Multi-Dimensional Ability Diagnosis for Machine Learning Algorithms
This addresses the gap between real-world performance and standardized evaluations for machine learning practitioners, though it is incremental as it builds on psychometric theories and existing diagnostic methods.
The paper tackles the problem of insufficient evaluation metrics for machine learning algorithms by proposing Camilla, a task-agnostic framework that defines a multi-dimensional diagnostic metric called Ability to measure algorithm strengths, and it demonstrates improved precision and outperforms baselines in reliability, consistency, and stability on four public datasets.
Machine learning algorithms have become ubiquitous in a number of applications (e.g. image classification). However, due to the insufficient measurement of traditional metrics (e.g. the coarse-grained Accuracy of each classifier), substantial gaps are usually observed between the real-world performance of these algorithms and their scores in standardized evaluations. In this paper, inspired by the psychometric theories from human measurement, we propose a task-agnostic evaluation framework Camilla, where a multi-dimensional diagnostic metric Ability is defined for collaboratively measuring the multifaceted strength of each machine learning algorithm.
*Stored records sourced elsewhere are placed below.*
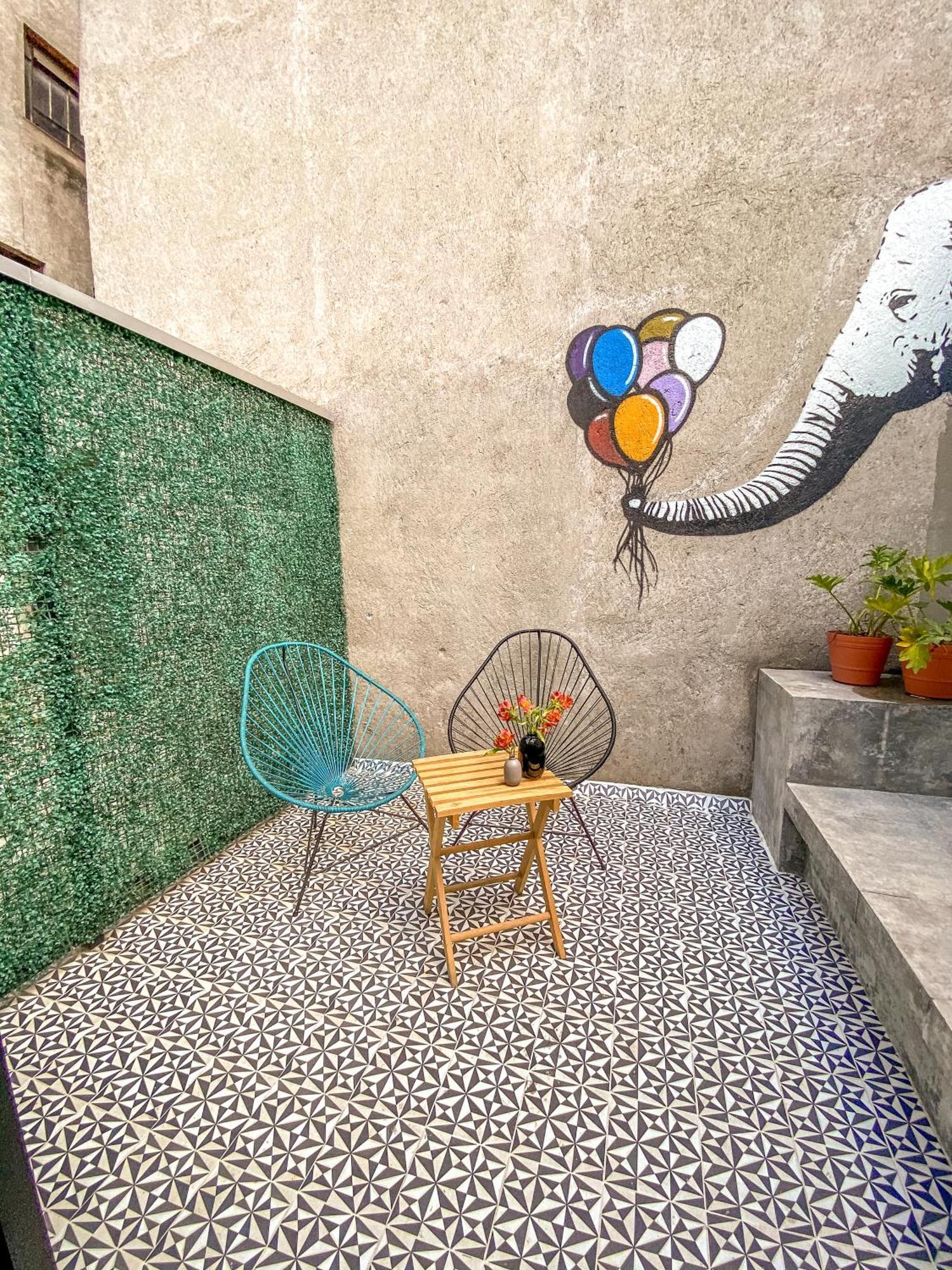 Guest house Casa Melgar Mexico City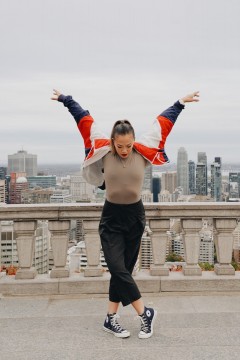 Photo de la danseuse Esabelle Chen des Grands Ballets Canadiens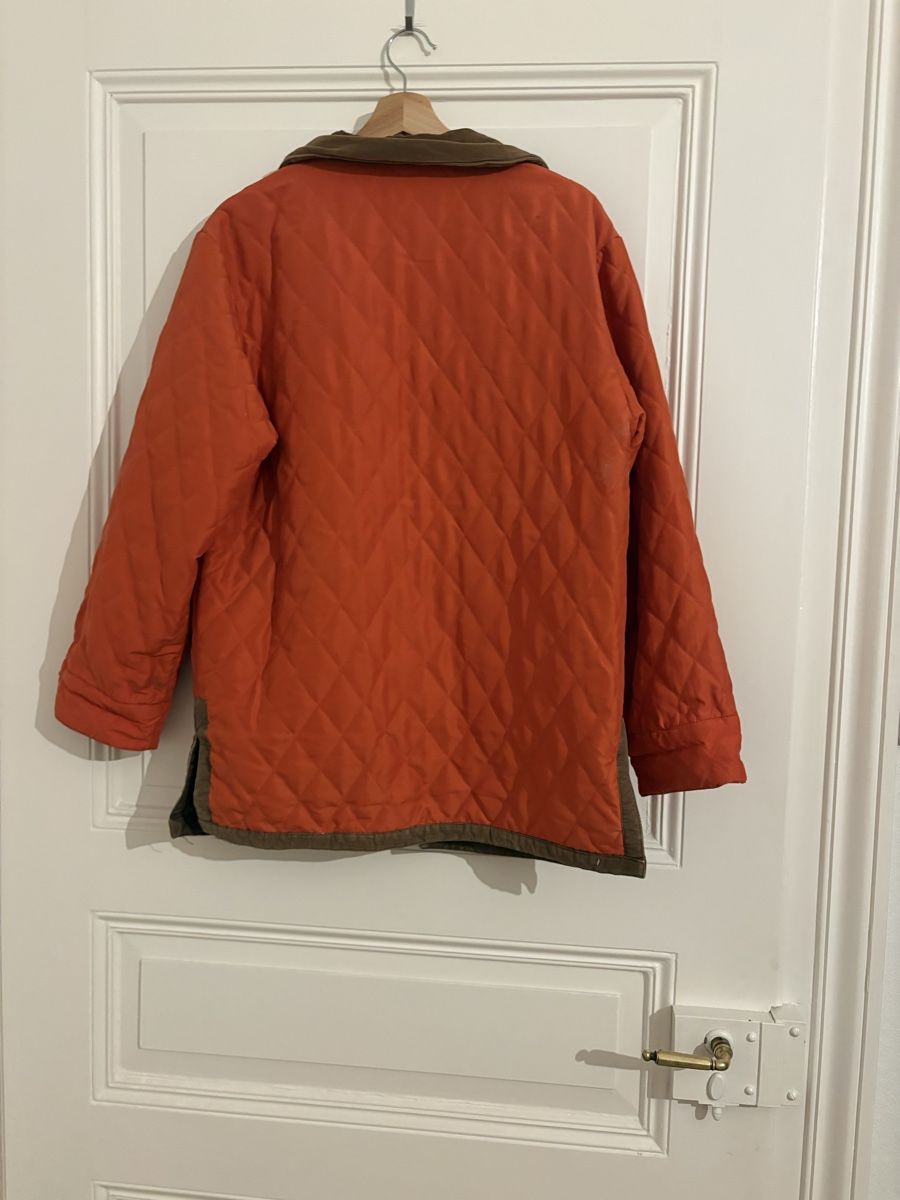 Vestes: Steppjacke orange Grösse L – D'occasion à Rüschlikon par rin_b6sg 1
Specifically, given the response logs from different algorithms to data samples, we leverage cognitive diagnosis assumptions and neural networks to learn the complex interactions among algorithms, samples and the skills (explicitly or implicitly pre-defined) of each sample. In this way, both the abilities of each algorithm on multiple skills and some of the sample factors (e.g. sample difficulty) can be simultaneously quantified. We conduct extensive experiments with hundreds of machine learning algorithms on four public datasets, and our experimental results demonstrate that Camilla not only can capture the pros and cons of each algorithm more precisely, but also outperforms state-of-the-art baselines on the metric reliability, rank consistency and rank stability.